Nov 11, 2019

Wall Street loves a party

Illustration: Sarah Grillo/Axios

Investors put their recession umbrellas back in the closet last week and broke out their party hats, as all three major U.S. stock indexes hit fresh record highs. The market is bullish on the expected pause in President Trump's trade war with China and market participants have plenty of ammo to drive stocks higher.

What's happening: Investors are moving back into risky assets like stocks in a big way and selling out of traditionally safe ones.

  • Last week global and European equity funds saw their largest inflows since December 2018, data from Deutsche Bank shows, while investors also moved strongly into long positions in oil, emerging market and high-beta currencies, and high-yield bonds.
  • U.S. investors also were bullish on U.S. equities, with stock inflows rising to their highest total since September, data from Bank of America Merrill Lynch shows.

Background: Prior to November, market participants had shunned stocks, preferring to sock money away in safe-haven investment grade and municipal bonds (on pace for their largest inflows ever) and money market funds, effectively savings accounts, which have attracted the most funds since 2009.

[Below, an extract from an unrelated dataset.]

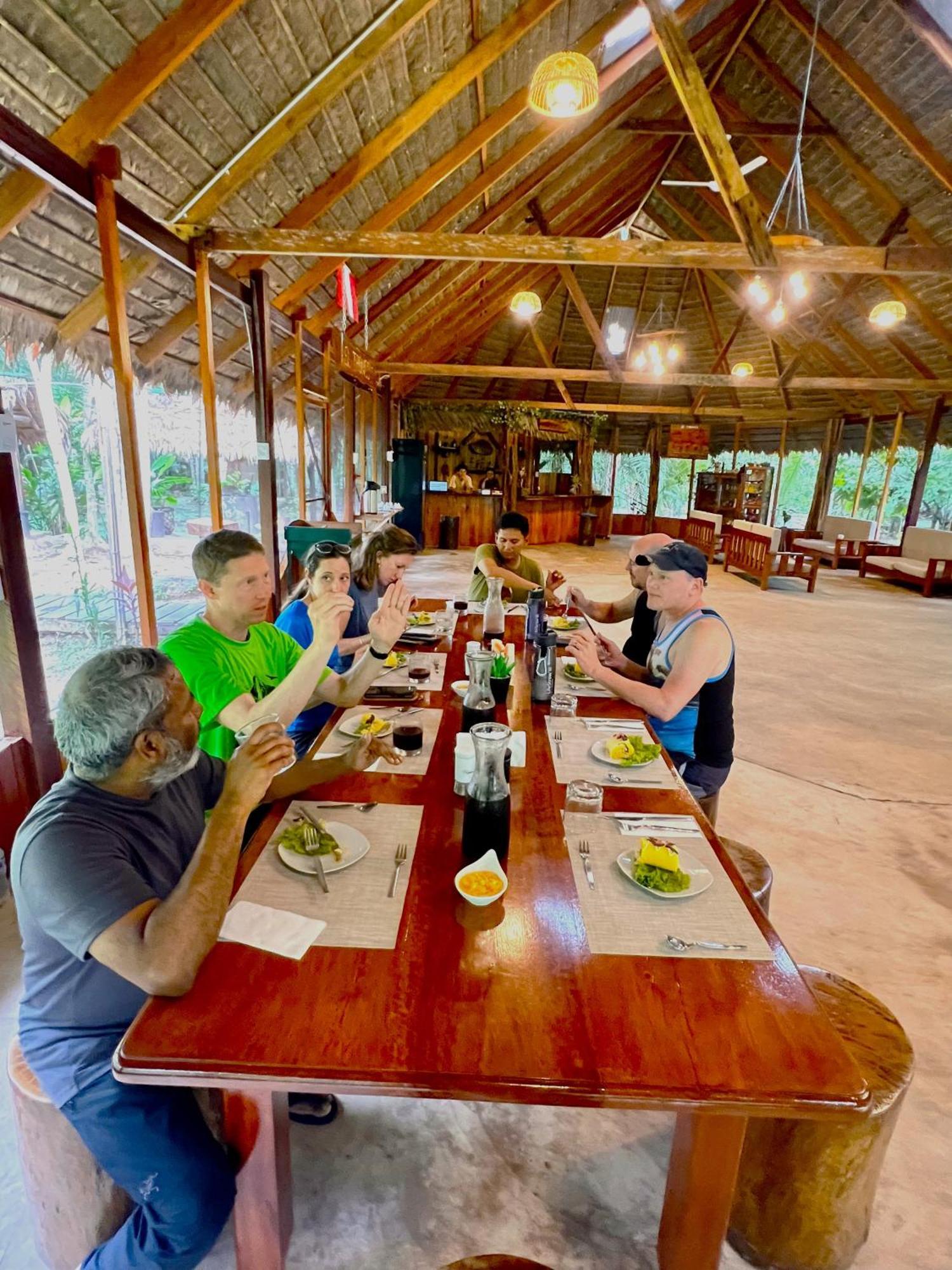 Tronco Tambopata Adventure Hotell Puerto Maldonado Exteriör bild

  • Analysis from Deutsche Bank shows outflows from equity funds and ETFs since December hit a record $330 billion, cumulatively.

Why it matters: The stock market's gains this year — up 23% year to date — have largely been driven by low volume and company share buybacks, rather than old-fashioned stock buying.

The big picture: “You could be contrarian and say [the money market flow is] positive, because if the market actually steadies itself and there’s a detente [in the trade war], that money’s going to go back into the equity market,” Quincy Krosby, chief market strategist at Prudential Financial, told CNBC last month.

Yes, but: Overall, the economy remains in much the same shape it was when investors were selling risk and buying safety.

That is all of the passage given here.